65 Regarding costs for BOI reports, companies with simple beneficial ownership structures account for an estimated $1,782,211,687.09 in Year 1 ((0.59 × 32,556,929) × 85.14)) + ((0.59 × 6,578,732) × 37.84) = $1,782,211,687.09. Companies with intermediate beneficial ownership structures account for an estimated $16,577,540,630.34 in Year 1 ((0.361 × 32,556,929) × 85.14)) + ((0.361 × 6,578,732) × 37.84) = $16,577,540,630.34. Companies with complex beneficial ownership structures account for an estimated $4,352,259,996.78 in Year 1 ((0.049 × 32,556,929) × 85.14)) + ((0.049 × 6,578,732) × 37.84) = $4,352,259,996.78. ($1,782,211,687.09 + $16,577,540,630.34 + $4,352,259,996.78 + $6,159,488.81 + $115,218.68 = $22,718,287,021.69)

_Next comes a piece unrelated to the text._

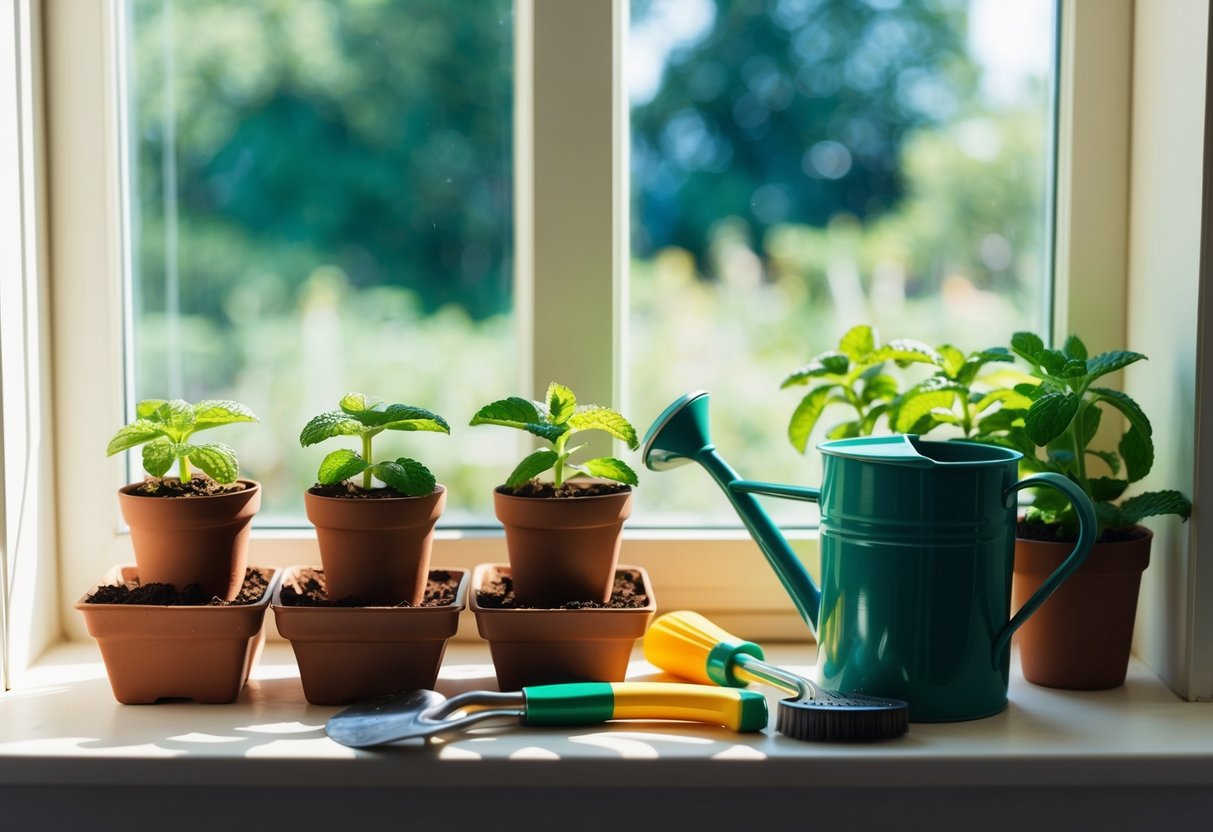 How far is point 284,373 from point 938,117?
0.83 m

66 Regarding costs for BOI reports, companies with simple beneficial ownership structures account for $573,808,725.53 in estimated costs in Years 2+ ((0.59 x 4,998,468 x $85.14) + (0.59 x 14,456,452 x $37.84)) = $573,808,725.53. Companies with intermediate beneficial ownership structures account for $3,998,123,986.98 in estimated costs in Years 2+ ((0.361 x 4,998,468 x $1,350) + (0.361 x 14,456,452 x $299.33) = $3,998,123,986.98. Companies with complex beneficial ownership structures account for $1,037,707,997.47 in estimated costs in Years 2+ ((0.049 x 4,998,468 x $2614.87) + (0.049 x 14,456,452 x $560.81)) = $1,037,707,997.47. ($574,808,725.53 + $3,998,123,986.98 + $1,037,707,997.47 + $945,666.84 + $251,386.22) = $5,610,837,763.04.